# Finally My New Shop!



## JohnU (Jan 9, 2021)

2020 was a challenging year for me. My first full year of being retired gave me little free time.  It has been great spending every day with my youngest son during his remote learning time at home but there was very little time pour resin or pen making.  It also reminded me of how much I forgot since my days in school.  The start of the project began with building a game room for my son so he could connect with his friends on his game system, in a place where I didn't have to hear it.  The only problem, that part of the basement was my shop.  The first two pictures are the beginning and (3 months later) end of that part of the basement.  

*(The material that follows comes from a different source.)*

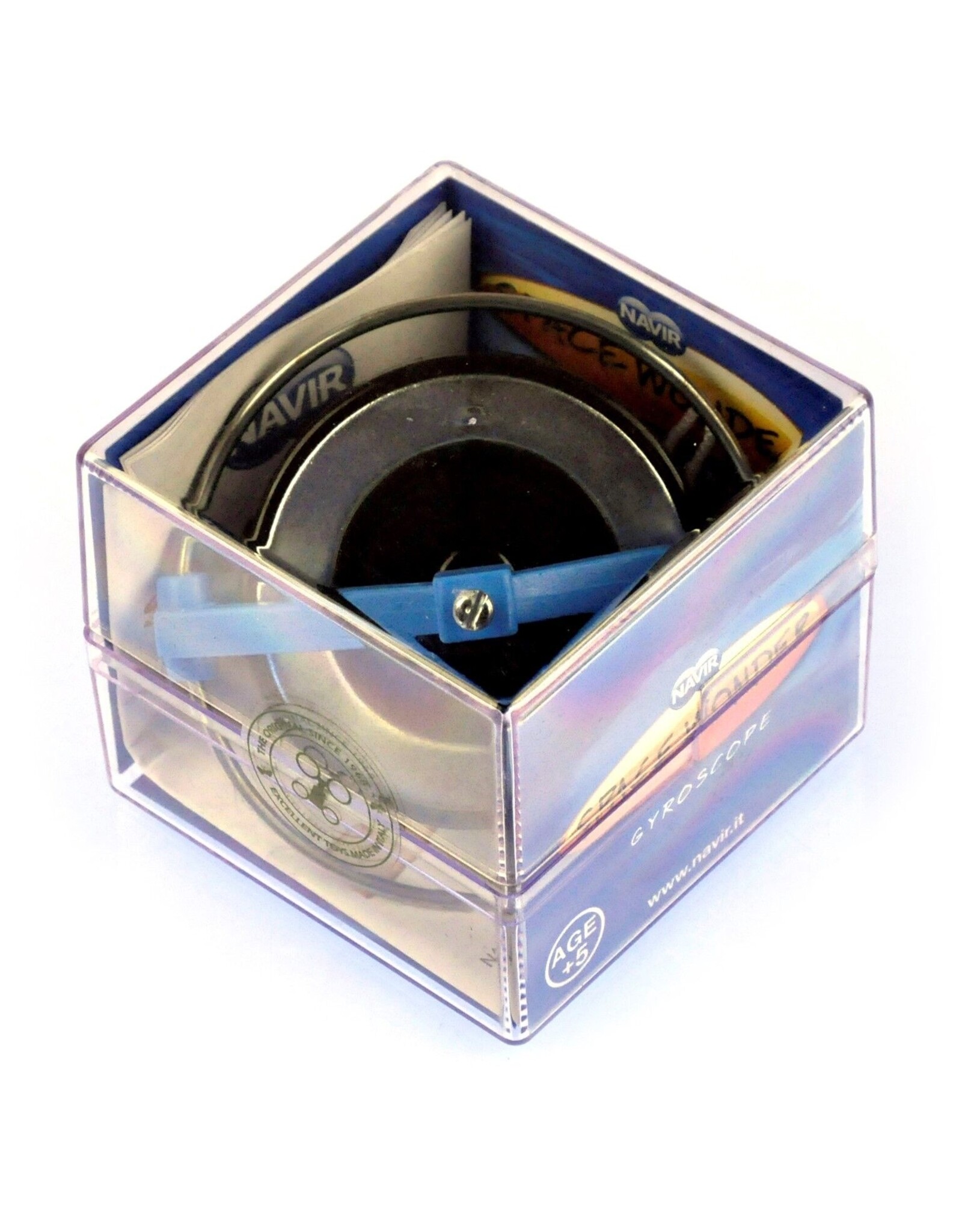 Mini ruimtewonder gyroscoop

Then came the new pen and resin shop.  Eventually I will finish the big shop for larger projects and storage in my 30'x60' building down back but that's a later project. Here's a before and some after picts.  I wanted to close off a shop area to keep the other part of the basement clean.  Dividing the area made it challenging to fit all of my junk and still have room to work.  The plus side, I was able to create that separate casting room I needed to keep my resin free from unwanted sawdust and debris and have a venting window above my table.  Doing it all myself used up most of my spring, summer and fall.  My basement is pretty rough and the walls have foundation support beams so framing was a challenge.  To hide them, without giving up usable space, I decided to make "in wall" book cases.  I'm still fine tuning and trying to fit things in the smaller area but it is much easier to contain and clean the mess.  I wanted a simple nature / cabin look to it so I bought inexpensive plywood with lots of knots and ripped all of the grooves to simulate boards for the walls and cabinet doors.  The trim was all made from shaved down 2x4's.  I learned that I do not like sanding, staining, and clear coating walls,  and a painted floor shows all of the messes!  I still have a couple cabinets to make for showcasing some work and organization to do in the bookcases and casting room shelves but it's nice to find things without digging through boxes on the floor, and it's nice to be able to see with new LED lights. All of my blanks and pen parts are now organized and labeled in small totes, and my table saw doubles as a work table when not in use.  I also tried to keep everything that makes a mess in the same area.  An air filtration for the ceiling may come next. 

   

The casting room is small but holds everything in an arms reach and helps contain the odors from the rest of the house and shop.  I have shelves along the back to hold my casting goods, resin and mold storage under the table and a curtain behind the door for spray painting tubes.  

  

Even though it's not completely finished, I think 2021 will be more enjoyable in the pen and resin shop.  I hope the new year is treating you all well!


----------



## carlmorrell (Jan 9, 2021)

Jealous, where I live basements are not a thing. But my first playground was my dads basement workshop.


----------



## EricRN (Jan 9, 2021)

I’m jealous too.  Sure beats my cold garage.


----------



## mark james (Jan 9, 2021)

Awesome conversion John!  Thanks for the detailed photos.  My wife and I will be downsizing in a few years and any shop photos like this is helpful.

ENJOY!


----------



## KenB259 (Jan 9, 2021)

Awesome, very organized, you took that to the next level. 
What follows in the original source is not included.